TASK BRIEF
From the first line to the last, print the material exactly, skipping the pictures.

THE DATA
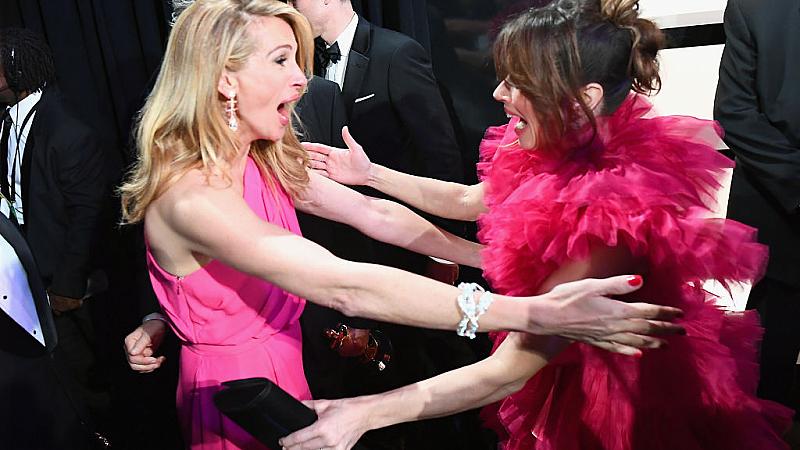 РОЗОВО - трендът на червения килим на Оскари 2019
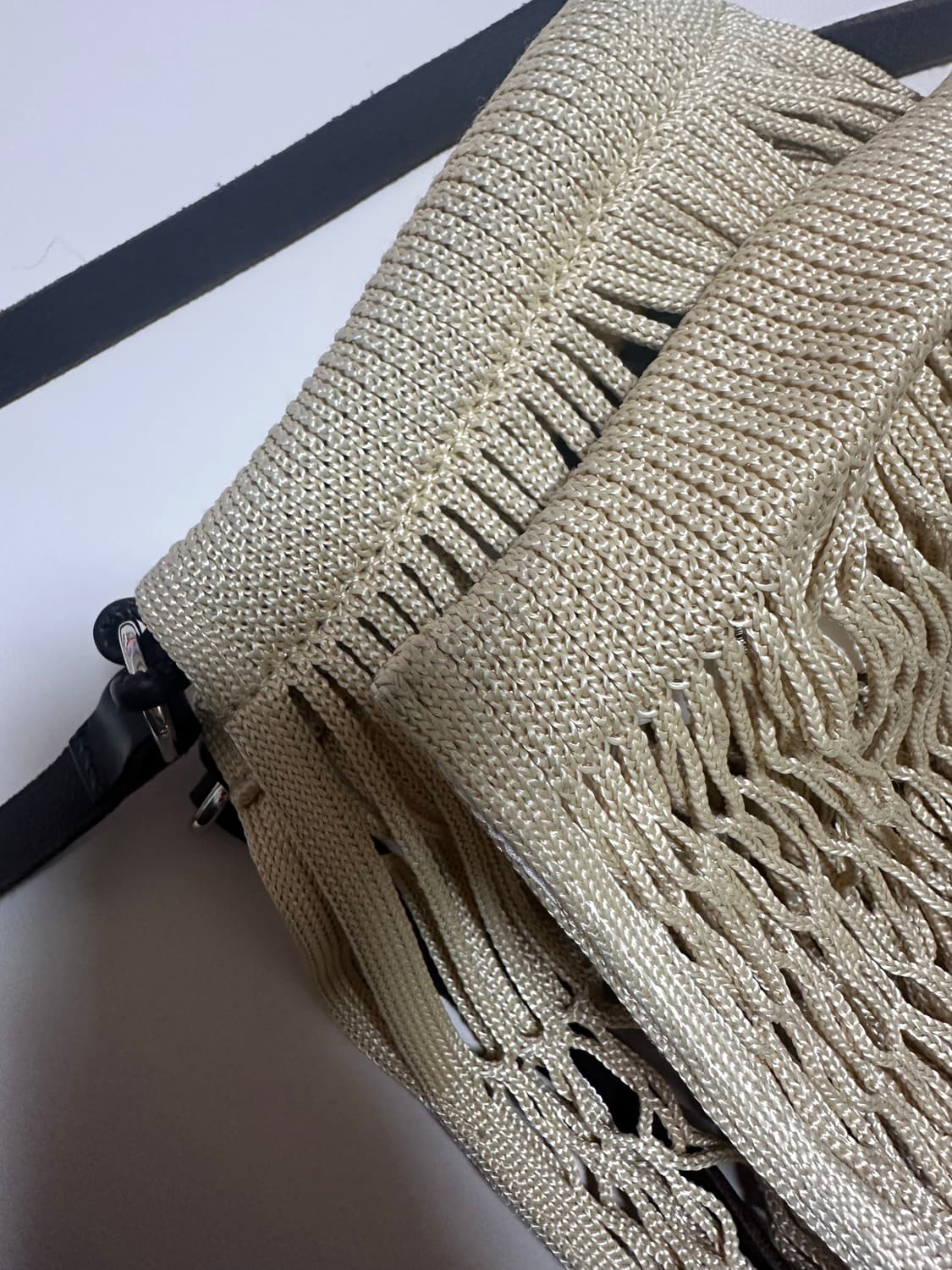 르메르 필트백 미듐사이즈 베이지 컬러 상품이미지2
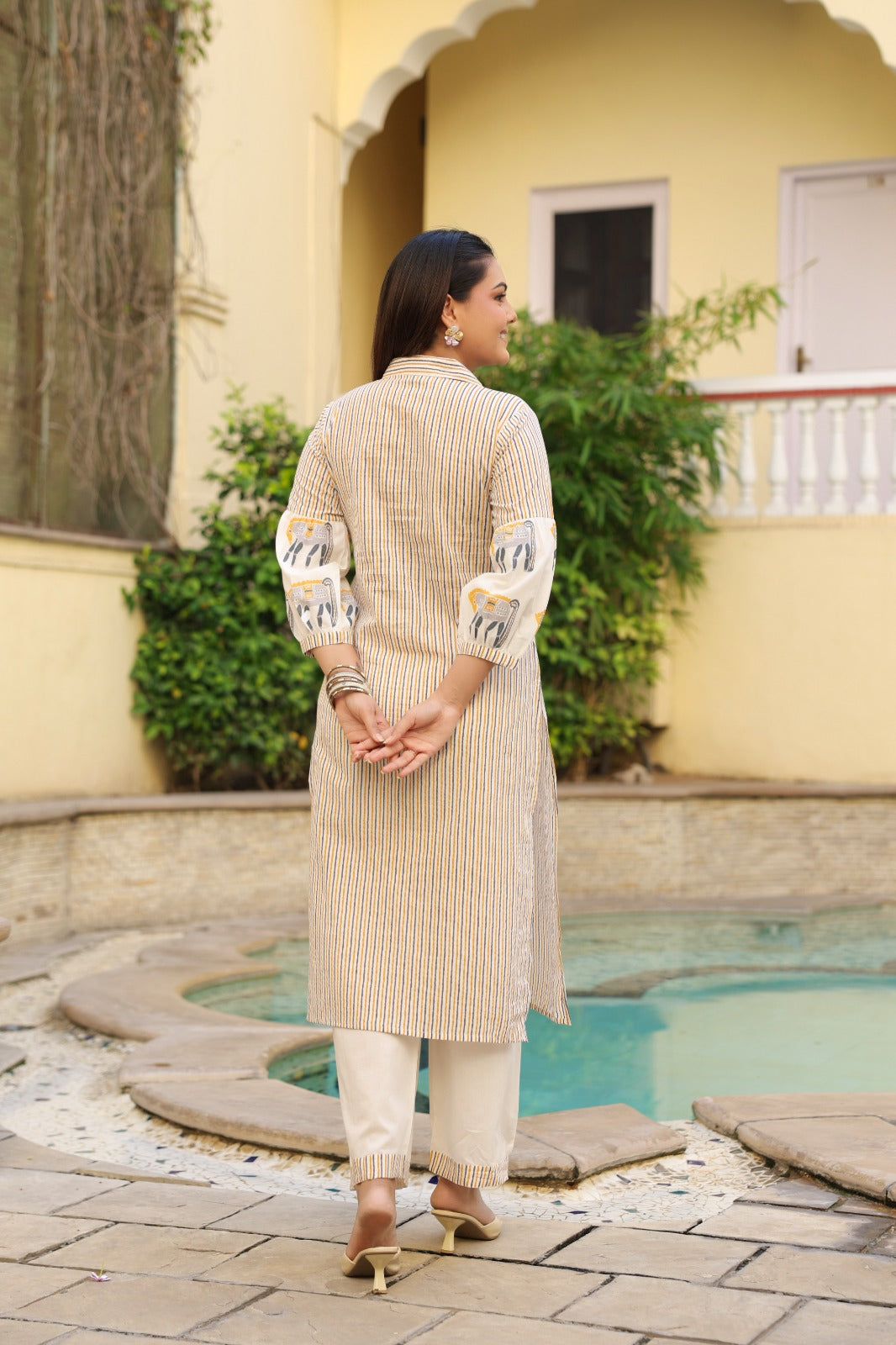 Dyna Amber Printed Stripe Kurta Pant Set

ANSWER TO THIS PROBLEM
 РОЗОВО - трендът на червения килим на Оскари 2019
 르메르 필트백 미듐사이즈 베이지 컬러 상품이미지2
 Dyna Amber Printed Stripe Kurta Pant Set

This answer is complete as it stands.